* **YOUR ASSIGNMENT**
Skip all pictures; return exactly the lines from the one containing "Stiepnis/Atsaite, Stabilizators TRUCKTEC" through the end of the data.

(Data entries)
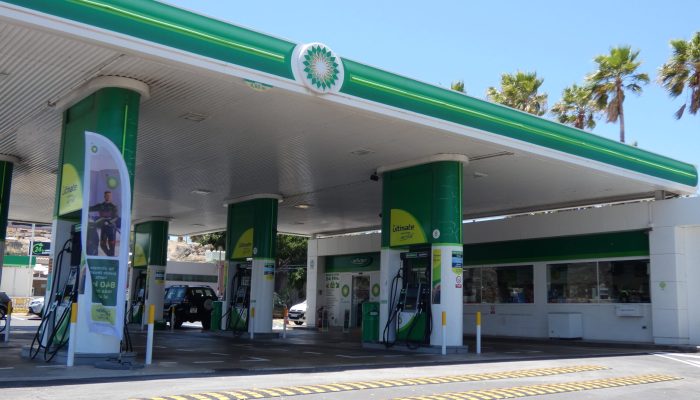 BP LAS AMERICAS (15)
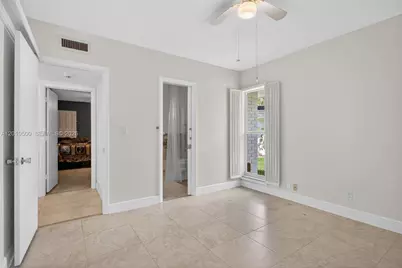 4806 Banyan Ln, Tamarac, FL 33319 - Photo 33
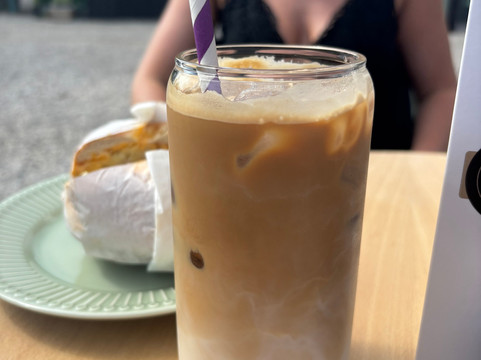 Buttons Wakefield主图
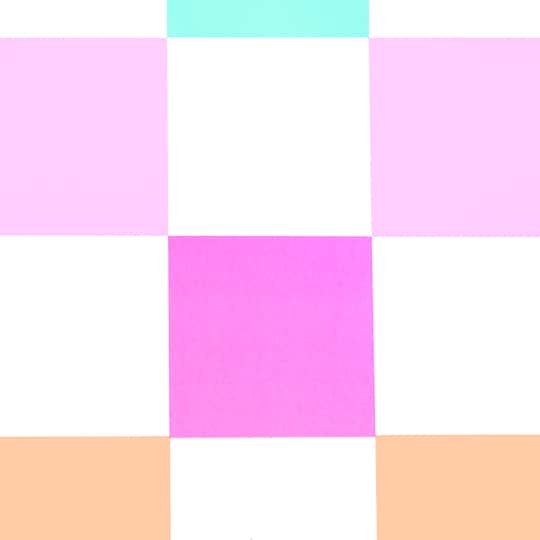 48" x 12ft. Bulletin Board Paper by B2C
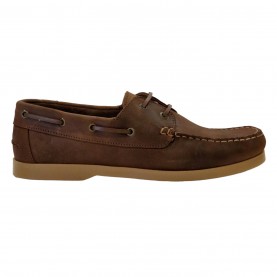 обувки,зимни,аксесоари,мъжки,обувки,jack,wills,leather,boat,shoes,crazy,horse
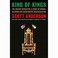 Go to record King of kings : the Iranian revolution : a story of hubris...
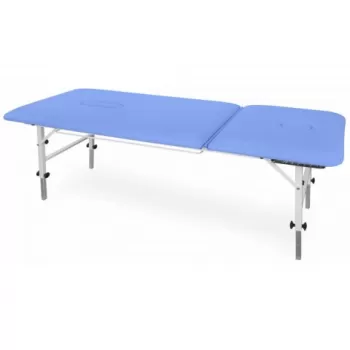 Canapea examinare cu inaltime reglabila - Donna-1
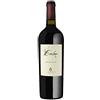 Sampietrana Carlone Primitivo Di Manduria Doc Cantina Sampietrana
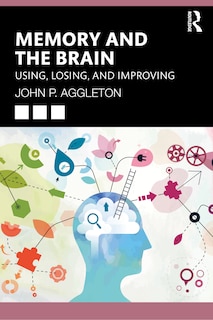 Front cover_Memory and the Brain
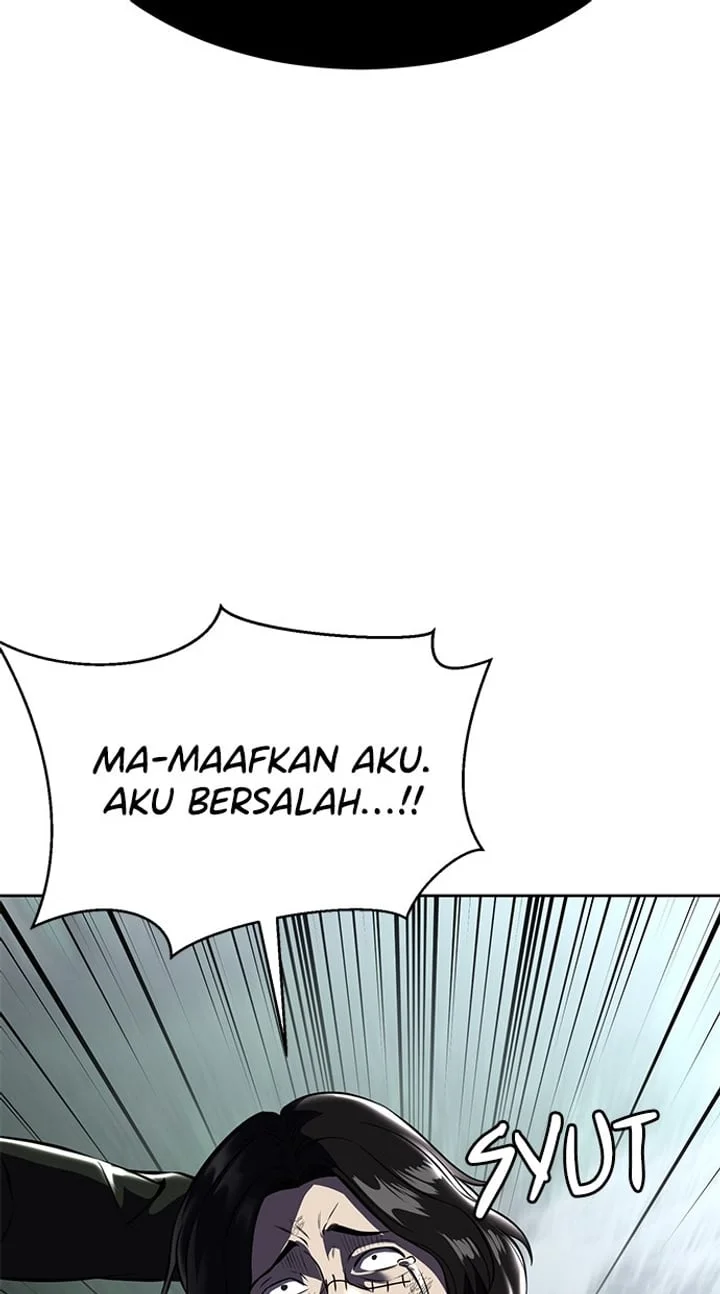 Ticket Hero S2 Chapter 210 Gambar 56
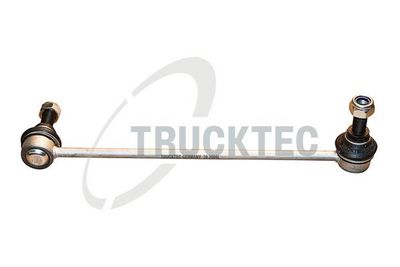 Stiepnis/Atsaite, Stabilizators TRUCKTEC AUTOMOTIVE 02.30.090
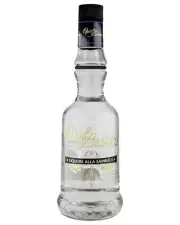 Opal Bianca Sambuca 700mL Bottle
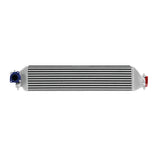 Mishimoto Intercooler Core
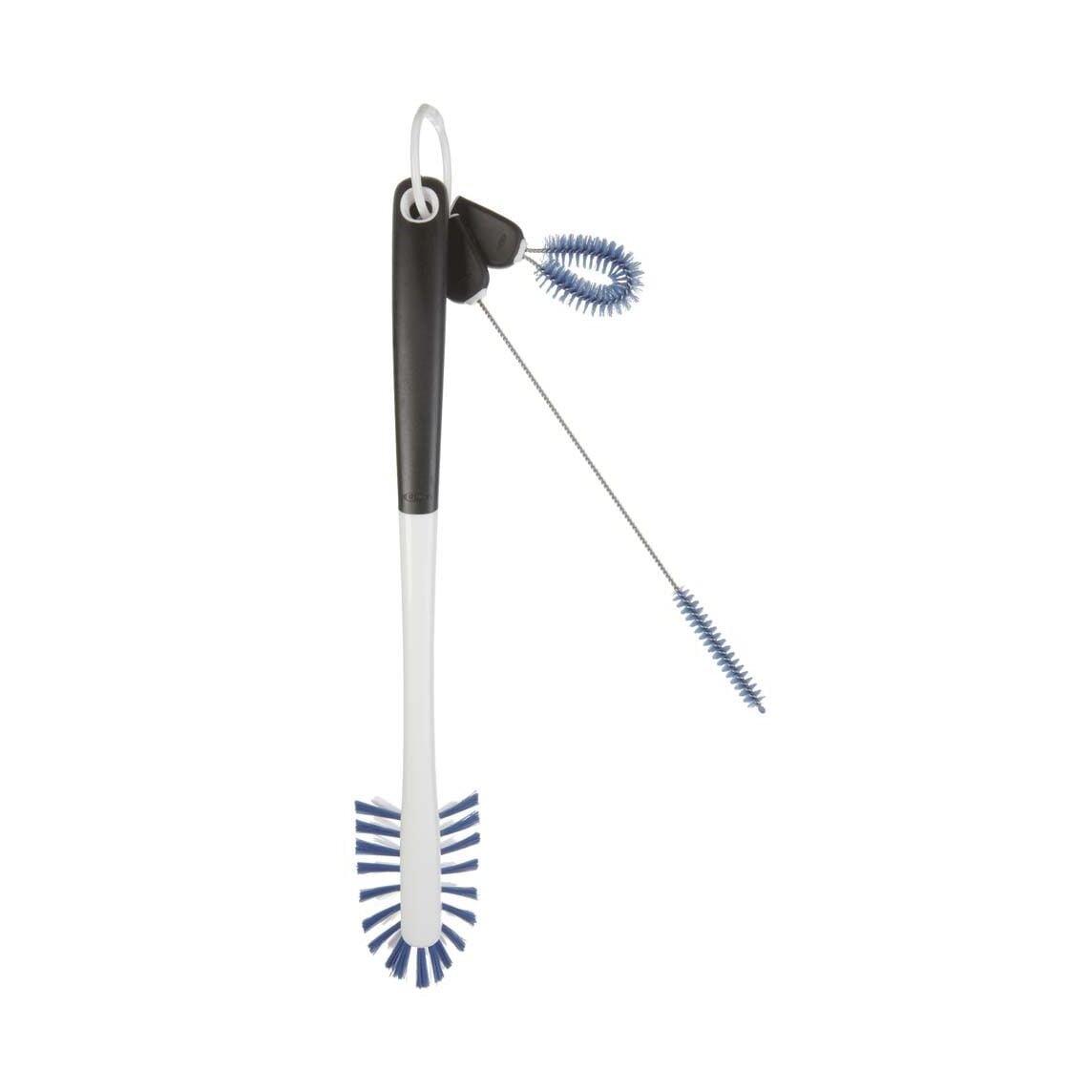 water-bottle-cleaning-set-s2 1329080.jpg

* **COMPLETED EXERCISE**
 Stiepnis/Atsaite, Stabilizators TRUCKTEC AUTOMOTIVE 02.30.090
 Opal Bianca Sambuca 700mL Bottle
 Mishimoto Intercooler Core
 water-bottle-cleaning-set-s2 1329080.jpg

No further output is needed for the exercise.